Consider how he is described in today’s Gospel. The word applied to him is “righteous.” Joseph is a righteous man. He is obedient to God as he knows God. God is not a stranger to Joseph, so when a crisis comes and God sends him a message, Joseph hears the message and does what must be done. Joseph is a man of faith before the crisis, so that when the crisis comes, he is able to act in faith, to do the right thing.

Here’s an important reason for the life of prayer, an important reason for the regular practice of prayer. If we are in relationship with God through a life of prayer, if we value God’s company on ordinary days, then, when the day of crisis arrives, and our world comes apart at the seams, we can recognize God’s voice speaking to us at the heart of the crisis, we can respond in faith by doing what God would have us do, by living as God would have us live.

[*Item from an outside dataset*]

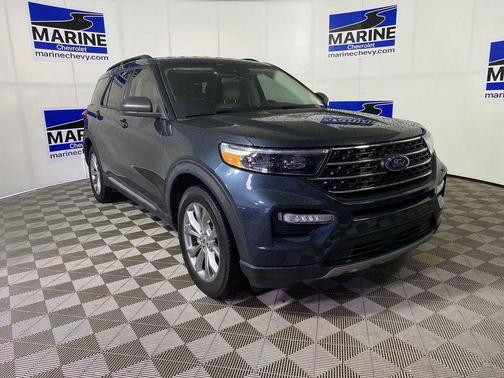 STONE BLUE METALLIC 2024 Ford Explorer XLT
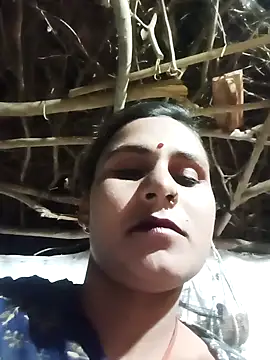 Cuty priti online show from April 21, 2026, 5:39 pm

Over the years, a number of Christians have shared this observation with me. Life is challenging enough even if you have faith, but what happens with people who have no faith, who do not pray? What happens to them when the inevitable crisis occurs?

They lose a loved one. How can they begin to hear God’s voice speak softly to them in their bereavement when their grief shouts so hopelessly? In a troubled time, it would be hard for anyone to hear the divine voice, to see the vision of a greater purpose, but how hard it must be without the experience of listening to God in better times!

God speaks to us in a variety of ways. For Joseph, it was through the Jewish law and a remarkable series of dreams. For us, it may happen through scripture reading and liturgical worship, through personal devotions, the beauty of nature, the warmth of human love, the circumstances of each day. Our response to God constitutes our prayer. No one who knows about prayer says it is easy. Routine practices can seem empty at times. There’s always something else waiting for us to do.

Yet it’s vital to persist in prayer. It’s vital that we do this — and for several reasons. One of the most important is that through our prayer, our response to God, our relationship with God, we become able to recognize the divine voice whenever it speaks, even in the heart of crisis.

Times of crisis are sure to come in every life. Where we have a choice is in how we will respond. Will the noise of our own fears drown out everything else, or will we hear God’s voice speaking to us at the heart of the crisis? Having heard that voice, will we take the necessary action? Will we be obedient to the message?

Our response is never simply private. What we do in response to God’s voice has impact on other lives beyond our ability to reckon. The moment of crisis arrives, we hear the divine voice and act upon it, and what happens may be like what happened with Joseph: a widespread redemption, unexpected and unstoppable.